Indeed it is, a few points about this PR exercise:

1. If you're hiring an outsourcer to write your software. Realise that communicating with people across the other side of the planet (even Europe) is not a cost free exercise. Its a real pain in the butt. I'm doing a project for a French company now, and I keep going up there because the phone, email & video links are no substitute for sitting in front of a computer with their techies.

2. Realise that the grass really isn't greener on the other side of the world. The best programmers are in the US. If you're looking for a particular skill, you'll probably find it in the US, because most of the technology originates from there. Companies that have decided to fire their US staff and hire offshore (includes IBM) may tell you otherwise, but they're selling you on their choices.

3. If a company has just fired its staff and hired fresh graduates, it lost the skills its staff learnt and so it has less "human capital" to offer you. Why wouldn't you just hire those fresh graduates directly and save the middleman fee?

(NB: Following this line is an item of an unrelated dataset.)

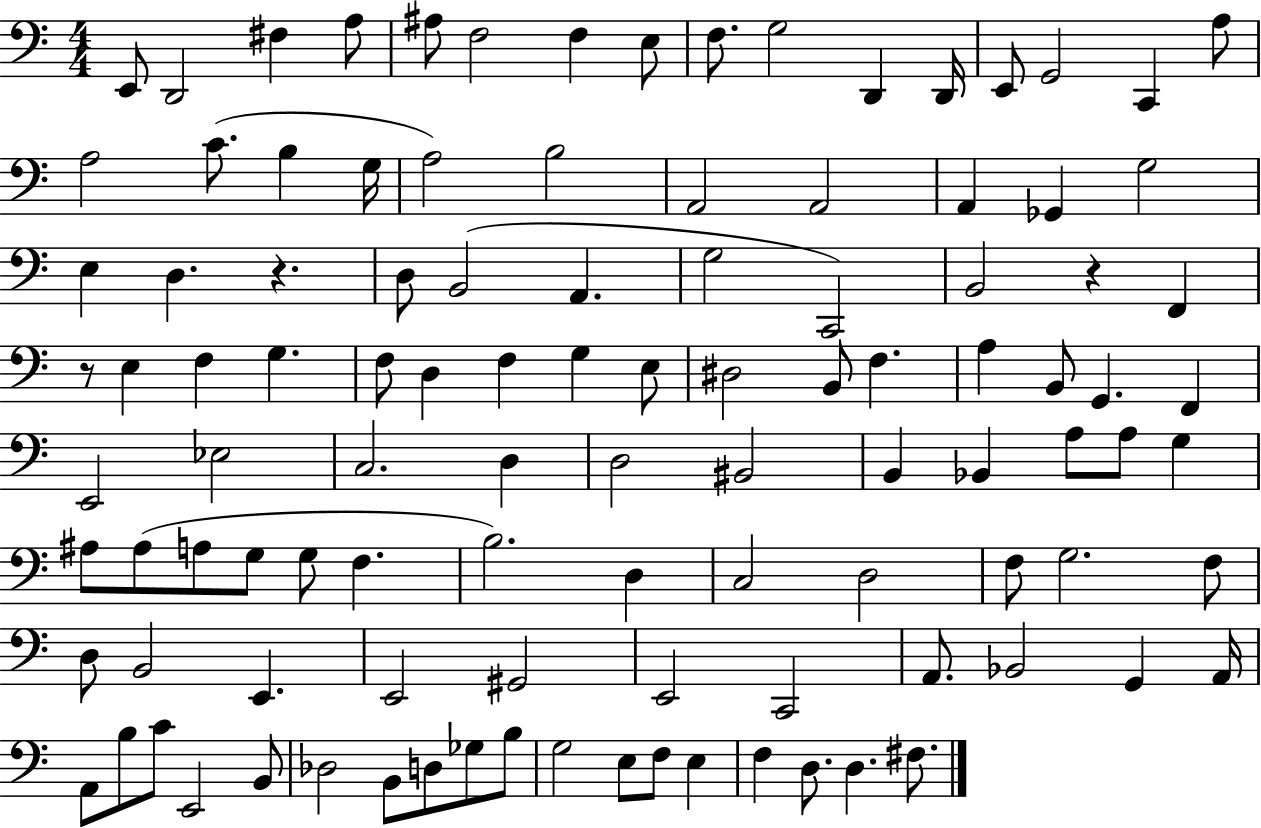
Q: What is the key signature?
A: C major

4. I've seen several of these go belly up and I think its a bad choice to introduce a communication & distance barrier into projects needlessly.

5. Ask yourself the big question. Is your outsourcers decisions saving YOUR OWN company any money? If thats the claim, then it should stand the $$$ test.

For me, this offshore outsourcing is all spin.

Firstly we're told Americans are stupid and have been neglecting their University education, but empirical evidence says otherwise.

Then its that its cheaper offshore, but the kind of money their spending (83K/person/year) says otherwise.

Then its a free trade issue or some such and its done for the good of the US economy.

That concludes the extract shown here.